* PROBLEM STATEMENT *
Go through the listing below and write out exactly the lines from the one that mentions "Телевизор Xiaomi TV A Pro 65 2025, черный" through the one that mentions "購入できるセリーヌのメガネについて", minus the pictures.

* RECORDS SUPPLIED *

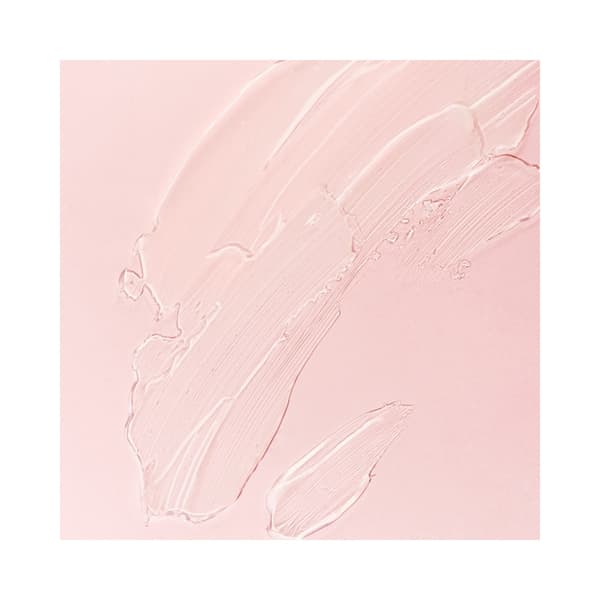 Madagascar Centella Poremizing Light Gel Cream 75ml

==

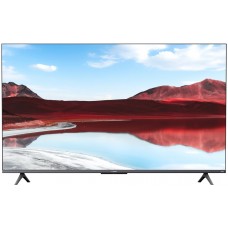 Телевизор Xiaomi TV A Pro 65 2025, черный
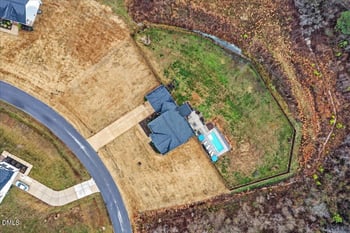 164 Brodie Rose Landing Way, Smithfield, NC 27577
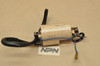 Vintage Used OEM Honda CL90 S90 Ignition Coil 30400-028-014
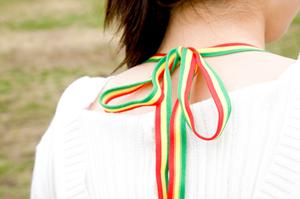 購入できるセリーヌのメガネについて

* RESULT FOR THIS EXERCISE *
 Телевизор Xiaomi TV A Pro 65 2025, черный
 164 Brodie Rose Landing Way, Smithfield, NC 27577
 Vintage Used OEM Honda CL90 S90 Ignition Coil 30400-028-014
 購入できるセリーヌのメガネについて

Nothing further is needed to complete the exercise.